Hypervisor choice in practice
| Hypervisor | Strength | Caveat on AM4 Zen 3 |
|---|---|---|
| Proxmox VE | Open, snapshot-friendly, mature | Works perfectly on both 5600G and 5700X |
| VMware ESXi | Familiar enterprise UX | Free tier limited, AMD CPU support varies |
| TrueNAS Scale | Storage-first, with KVM | iGPU passthrough on 5600G needs work |
| Hyper-V | If you're a Windows shop | Windows-host overhead |
| Plain KVM/libvirt | Lean and scriptable | DIY networking |
Proxmox is the default homelab pick because it's free, has a clean web UI, and supports both VMs and containers in one stack.
Disk layout for a 1-2 SSD build
- Single SSD: Proxmox on the whole drive, LVM-thin for VM storage. Simple and reliable.
- Two SSDs: SATA Samsung 870 EVO 250GB as the Proxmox boot/system, NVMe WD Blue SN550 1TB as the VM store. Clean separation, faster VM IO.
- Three drives: add a Crucial BX500 1TB as a snapshot target or a TrueNAS data drive.
Avoid running ZFS on a single SSD without ECC RAM — possible, but the failure mode if RAM goes bad is messier than ext4 / LVM-thin.

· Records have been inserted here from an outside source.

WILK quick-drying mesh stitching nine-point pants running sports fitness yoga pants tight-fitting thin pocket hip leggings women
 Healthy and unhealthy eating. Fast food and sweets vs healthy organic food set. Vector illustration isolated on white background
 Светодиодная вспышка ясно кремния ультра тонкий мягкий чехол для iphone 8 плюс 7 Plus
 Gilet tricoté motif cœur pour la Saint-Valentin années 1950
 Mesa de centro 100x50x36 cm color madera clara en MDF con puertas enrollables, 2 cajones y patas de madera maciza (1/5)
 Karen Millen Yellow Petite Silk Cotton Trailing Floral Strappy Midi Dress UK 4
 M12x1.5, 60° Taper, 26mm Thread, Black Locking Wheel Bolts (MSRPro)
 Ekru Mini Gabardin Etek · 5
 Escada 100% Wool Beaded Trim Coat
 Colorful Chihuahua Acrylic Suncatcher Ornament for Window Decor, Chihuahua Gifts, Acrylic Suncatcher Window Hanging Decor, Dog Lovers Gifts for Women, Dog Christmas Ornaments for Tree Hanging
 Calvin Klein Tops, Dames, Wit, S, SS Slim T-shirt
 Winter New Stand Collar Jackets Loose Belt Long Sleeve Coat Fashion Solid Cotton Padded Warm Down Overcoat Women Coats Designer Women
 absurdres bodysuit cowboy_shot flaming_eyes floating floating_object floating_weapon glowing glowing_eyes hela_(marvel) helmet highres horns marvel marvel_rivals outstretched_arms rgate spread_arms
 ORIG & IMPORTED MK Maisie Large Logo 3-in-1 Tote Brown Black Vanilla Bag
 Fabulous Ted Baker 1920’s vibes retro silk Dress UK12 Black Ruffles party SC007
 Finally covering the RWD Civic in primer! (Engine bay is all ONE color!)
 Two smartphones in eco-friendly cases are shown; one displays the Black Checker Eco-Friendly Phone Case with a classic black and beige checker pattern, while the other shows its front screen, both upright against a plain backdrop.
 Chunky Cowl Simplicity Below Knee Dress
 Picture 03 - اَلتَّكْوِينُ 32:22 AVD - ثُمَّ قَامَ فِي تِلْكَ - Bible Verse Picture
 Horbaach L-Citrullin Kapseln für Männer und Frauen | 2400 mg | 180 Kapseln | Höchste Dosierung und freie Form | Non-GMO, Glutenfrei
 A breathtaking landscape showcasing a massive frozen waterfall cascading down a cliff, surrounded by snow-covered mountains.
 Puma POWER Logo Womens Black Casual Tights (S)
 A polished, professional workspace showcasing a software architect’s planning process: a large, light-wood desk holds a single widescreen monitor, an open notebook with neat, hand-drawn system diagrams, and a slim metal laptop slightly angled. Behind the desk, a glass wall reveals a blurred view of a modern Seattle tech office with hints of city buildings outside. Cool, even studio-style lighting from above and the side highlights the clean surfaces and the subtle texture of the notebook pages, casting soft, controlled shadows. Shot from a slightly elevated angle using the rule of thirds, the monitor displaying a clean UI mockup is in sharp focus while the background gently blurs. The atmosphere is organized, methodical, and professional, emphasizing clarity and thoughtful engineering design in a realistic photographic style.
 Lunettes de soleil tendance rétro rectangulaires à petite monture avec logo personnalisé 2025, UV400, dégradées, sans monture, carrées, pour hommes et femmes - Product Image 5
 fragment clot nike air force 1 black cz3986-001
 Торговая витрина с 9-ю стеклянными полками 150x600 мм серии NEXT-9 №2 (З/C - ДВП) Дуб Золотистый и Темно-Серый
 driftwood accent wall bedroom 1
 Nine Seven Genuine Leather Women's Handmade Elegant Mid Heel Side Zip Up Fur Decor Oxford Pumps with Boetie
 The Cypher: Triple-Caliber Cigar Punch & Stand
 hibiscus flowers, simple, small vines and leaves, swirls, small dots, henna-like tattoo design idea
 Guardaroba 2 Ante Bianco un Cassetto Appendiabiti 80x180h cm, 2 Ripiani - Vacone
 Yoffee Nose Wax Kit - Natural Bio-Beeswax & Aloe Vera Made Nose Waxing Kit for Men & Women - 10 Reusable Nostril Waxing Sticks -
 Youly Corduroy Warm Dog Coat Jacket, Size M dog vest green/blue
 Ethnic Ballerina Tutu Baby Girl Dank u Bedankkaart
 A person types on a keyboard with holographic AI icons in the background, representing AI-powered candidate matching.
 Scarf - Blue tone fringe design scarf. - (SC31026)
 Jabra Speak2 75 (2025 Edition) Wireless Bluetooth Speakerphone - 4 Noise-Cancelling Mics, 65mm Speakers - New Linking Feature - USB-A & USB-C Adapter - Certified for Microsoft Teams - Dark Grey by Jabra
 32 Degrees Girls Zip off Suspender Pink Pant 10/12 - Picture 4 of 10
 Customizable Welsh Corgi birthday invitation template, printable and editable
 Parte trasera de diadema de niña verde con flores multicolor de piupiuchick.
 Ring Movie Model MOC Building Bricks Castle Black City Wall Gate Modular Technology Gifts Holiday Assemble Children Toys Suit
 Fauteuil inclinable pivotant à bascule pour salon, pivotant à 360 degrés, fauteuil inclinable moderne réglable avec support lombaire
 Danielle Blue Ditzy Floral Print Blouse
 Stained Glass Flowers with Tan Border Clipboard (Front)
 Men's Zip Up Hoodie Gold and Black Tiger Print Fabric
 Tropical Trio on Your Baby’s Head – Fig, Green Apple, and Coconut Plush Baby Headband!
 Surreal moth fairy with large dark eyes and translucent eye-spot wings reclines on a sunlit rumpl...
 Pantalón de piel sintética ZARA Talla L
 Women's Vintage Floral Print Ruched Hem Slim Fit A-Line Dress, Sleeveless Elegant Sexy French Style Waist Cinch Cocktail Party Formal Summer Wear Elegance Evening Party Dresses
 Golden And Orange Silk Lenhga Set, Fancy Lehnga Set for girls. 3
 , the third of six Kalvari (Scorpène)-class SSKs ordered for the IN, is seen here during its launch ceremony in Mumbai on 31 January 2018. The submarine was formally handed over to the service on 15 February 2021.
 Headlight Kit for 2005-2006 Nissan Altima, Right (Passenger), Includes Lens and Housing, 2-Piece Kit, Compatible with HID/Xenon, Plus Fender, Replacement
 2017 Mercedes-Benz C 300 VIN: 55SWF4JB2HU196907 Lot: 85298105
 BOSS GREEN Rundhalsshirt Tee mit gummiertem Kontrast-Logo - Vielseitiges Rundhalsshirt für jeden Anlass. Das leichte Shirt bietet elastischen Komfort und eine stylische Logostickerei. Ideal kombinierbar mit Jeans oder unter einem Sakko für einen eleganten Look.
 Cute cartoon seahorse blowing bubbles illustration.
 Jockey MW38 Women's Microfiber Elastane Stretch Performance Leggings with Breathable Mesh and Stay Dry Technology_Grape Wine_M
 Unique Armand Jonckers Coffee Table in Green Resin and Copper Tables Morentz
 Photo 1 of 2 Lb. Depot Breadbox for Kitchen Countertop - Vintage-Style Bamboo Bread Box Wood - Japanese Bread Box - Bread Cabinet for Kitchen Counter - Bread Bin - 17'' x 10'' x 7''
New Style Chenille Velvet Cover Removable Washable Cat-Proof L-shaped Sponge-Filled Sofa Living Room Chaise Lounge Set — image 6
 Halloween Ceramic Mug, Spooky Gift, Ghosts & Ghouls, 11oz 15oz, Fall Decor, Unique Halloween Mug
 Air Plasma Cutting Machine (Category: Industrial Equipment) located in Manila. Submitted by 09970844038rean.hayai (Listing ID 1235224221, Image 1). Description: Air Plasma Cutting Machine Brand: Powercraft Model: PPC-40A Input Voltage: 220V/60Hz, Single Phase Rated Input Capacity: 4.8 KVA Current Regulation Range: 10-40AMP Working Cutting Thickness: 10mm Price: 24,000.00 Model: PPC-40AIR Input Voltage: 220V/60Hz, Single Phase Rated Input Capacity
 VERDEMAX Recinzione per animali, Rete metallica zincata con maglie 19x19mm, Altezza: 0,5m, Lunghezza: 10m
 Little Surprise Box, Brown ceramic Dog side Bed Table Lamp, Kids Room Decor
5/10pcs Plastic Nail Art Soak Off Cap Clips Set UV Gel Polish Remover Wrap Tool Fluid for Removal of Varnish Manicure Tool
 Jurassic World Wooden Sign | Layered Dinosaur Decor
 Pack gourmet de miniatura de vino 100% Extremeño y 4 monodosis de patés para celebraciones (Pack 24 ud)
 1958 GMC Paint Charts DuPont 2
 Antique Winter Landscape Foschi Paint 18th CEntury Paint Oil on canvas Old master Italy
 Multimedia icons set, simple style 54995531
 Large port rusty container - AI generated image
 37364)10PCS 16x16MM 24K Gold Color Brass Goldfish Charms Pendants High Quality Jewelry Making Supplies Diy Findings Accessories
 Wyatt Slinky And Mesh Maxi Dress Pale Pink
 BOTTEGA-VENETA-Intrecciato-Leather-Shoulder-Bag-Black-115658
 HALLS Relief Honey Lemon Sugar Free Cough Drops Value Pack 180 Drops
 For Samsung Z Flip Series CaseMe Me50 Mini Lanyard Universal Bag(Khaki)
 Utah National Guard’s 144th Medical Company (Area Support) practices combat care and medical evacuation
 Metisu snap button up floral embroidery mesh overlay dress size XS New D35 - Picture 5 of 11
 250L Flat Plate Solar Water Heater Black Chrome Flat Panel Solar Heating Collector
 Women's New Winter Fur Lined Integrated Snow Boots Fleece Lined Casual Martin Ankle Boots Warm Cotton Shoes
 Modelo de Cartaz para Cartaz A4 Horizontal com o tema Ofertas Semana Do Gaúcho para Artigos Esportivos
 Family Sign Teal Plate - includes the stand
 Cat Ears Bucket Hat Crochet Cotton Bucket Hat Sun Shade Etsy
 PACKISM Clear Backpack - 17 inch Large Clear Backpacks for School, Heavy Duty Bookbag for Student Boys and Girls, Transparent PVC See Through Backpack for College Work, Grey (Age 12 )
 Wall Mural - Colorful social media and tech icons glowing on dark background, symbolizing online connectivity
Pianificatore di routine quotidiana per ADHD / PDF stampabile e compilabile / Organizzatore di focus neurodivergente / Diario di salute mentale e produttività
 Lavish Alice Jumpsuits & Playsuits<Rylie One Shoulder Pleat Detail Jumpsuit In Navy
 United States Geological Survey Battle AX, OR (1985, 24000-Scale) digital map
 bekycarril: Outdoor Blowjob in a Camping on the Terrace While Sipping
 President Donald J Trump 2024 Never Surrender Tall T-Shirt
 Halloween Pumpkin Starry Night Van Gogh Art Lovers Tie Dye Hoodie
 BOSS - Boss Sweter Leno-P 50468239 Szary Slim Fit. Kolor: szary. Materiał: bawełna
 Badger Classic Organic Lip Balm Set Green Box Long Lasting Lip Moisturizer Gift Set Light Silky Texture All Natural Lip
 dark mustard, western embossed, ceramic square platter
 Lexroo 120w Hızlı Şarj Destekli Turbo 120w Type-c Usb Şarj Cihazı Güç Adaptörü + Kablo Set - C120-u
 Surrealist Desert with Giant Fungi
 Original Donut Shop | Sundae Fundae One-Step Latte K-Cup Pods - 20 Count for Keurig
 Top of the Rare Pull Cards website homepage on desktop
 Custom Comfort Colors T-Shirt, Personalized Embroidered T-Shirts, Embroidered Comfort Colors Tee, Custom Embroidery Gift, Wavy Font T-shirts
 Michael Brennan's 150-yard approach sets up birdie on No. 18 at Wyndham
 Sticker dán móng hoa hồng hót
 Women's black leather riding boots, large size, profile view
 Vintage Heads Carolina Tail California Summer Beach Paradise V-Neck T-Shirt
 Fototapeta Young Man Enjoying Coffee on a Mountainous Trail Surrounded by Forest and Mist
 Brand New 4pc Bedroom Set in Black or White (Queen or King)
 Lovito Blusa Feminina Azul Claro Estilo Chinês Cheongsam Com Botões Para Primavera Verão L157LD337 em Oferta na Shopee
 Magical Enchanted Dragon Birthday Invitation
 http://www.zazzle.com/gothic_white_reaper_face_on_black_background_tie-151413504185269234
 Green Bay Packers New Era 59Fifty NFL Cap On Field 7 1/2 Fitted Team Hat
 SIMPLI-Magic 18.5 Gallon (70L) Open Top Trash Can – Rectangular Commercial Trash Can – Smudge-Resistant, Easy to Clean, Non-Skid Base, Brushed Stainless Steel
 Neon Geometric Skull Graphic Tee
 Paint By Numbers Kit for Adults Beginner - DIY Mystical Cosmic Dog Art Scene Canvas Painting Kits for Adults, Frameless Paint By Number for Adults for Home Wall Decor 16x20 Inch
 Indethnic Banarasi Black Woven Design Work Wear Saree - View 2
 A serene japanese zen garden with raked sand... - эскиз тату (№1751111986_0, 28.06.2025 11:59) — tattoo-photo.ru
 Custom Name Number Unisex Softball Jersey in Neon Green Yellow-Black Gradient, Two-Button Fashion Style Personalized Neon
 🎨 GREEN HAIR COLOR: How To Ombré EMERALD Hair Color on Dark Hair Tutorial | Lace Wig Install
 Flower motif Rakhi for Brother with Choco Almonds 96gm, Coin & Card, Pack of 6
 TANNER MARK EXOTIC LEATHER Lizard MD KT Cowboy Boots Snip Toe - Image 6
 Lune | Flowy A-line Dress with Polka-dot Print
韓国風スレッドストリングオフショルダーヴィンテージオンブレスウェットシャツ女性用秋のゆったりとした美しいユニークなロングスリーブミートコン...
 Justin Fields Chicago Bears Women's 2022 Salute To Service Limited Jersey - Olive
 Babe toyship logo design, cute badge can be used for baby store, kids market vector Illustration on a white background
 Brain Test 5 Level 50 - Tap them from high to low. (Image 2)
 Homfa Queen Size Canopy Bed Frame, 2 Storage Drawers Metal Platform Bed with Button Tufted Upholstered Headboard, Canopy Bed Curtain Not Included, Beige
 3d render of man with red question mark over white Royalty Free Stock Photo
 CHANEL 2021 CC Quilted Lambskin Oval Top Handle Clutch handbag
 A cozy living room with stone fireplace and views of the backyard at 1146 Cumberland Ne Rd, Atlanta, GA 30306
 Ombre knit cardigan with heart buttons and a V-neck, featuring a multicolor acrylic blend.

Network design for the home
A homelab benefits hugely from a managed switch with VLAN support. The host gets a VLAN for management, VMs get separate VLANs for trust boundaries, and a guest-VLAN keeps experiments isolated. Both 5600G and 5700X handle this with standard Linux bridges. A 2.5 GbE NIC is now cheap and gives serious file-copy speed; 10 GbE is a luxury but increasingly affordable.
Backups (because everyone forgets)
A homelab without backups is a hobby on borrowed time. The pattern that works:
- PBS (Proxmox Backup Server) on a small VM, writing to a NAS share.
- NAS replicated nightly to an off-site target (rsync to a friend's NAS, BorgBase, etc.).
- A monthly test-restore. Untested backups don't exist.
The Crucial BX500 1TB is a cheap, reliable backup destination in a USB enclosure for the small-scale homelab.